Meeting Program — November 2015
Biomass Sector Manager, and Associate Director of the Institute for Integrated Catalysis
Pacific Northwest National Laboratory
Abstract — Renewable carbon sources, such as biomass and sugars, offer alternative starting materials for producing fuels and chemicals. However, catalysis of highly oxygenated materials, often operating in the condensed phase, present substantial challenges with catalyst deactivation due to poisoning and reactor bed/support stability. In essence, the catalysts developed within the petrochemical industry are often not suitable and new solutions are needed if we are to match the efficiency that has been born from nearly 90 years of science and technology aimed at hydrocarbon processing.
In covering challenges today we will survey two families of catalytic technologies that produce fuels—with an emphasis on distillates and mid-distillates and chemical products. These technologies will cover (i) upgrading of oxygenates (from alcohols to complex bio-oils) and (ii) catalysis of fermentation derived molecules that have been minimally processed. The primary focus will be on problems and specific solutions that allowed long term, stable and efficient operation under continuous reaction conditions suitable for industry.
In part 2 of the lecture we will take a forward look toward where we would like to move the state of catalyst technology to allow processing of a broader range of carbon from waste resources at the (small) size of the point source while keeping capital and operating cost low. Such feedstocks include gaseous streams, such as CO-rich off gas; wet streams from food processing and waste water sludges; as well as dry streams from agriculture and forest residues or municipal solid waste.

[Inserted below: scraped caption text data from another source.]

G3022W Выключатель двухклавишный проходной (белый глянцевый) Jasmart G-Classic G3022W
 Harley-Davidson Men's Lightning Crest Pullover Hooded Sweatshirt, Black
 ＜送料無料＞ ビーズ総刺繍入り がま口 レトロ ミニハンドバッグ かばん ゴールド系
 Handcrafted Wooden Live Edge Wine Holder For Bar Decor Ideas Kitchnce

Biography — John Holladay joined the Pacific Northwest National Laboratory (PNNL) in 2001 after working for five years at Union Carbide in South Charleston, WV. John currently serves as the Biomass Sector Manager at PNNL, where he is responsible for shaping PNNL’s strategy and vision for renewable fuels and chemicals. The program focuses on multiple areas including: developing cost-effective catalysts for renewable carbon conversion, learning from the efficiency that fungi offers for naturally processing biomass, and understanding alternative means for producing biomass in waste streams that are wet/dry or gaseous. He facilitates PNNL’s collaboration with others in academia, industry and government to advance the nation’s biofuels research. He served as Chief Scientific Officer for the National Advanced Biofuels Consortium, Chief Operations Officer for the National Alliance for Biofuels and Bioproducts and is currently an Associate Director of the Institute for Integrated Catalysis at PNNL.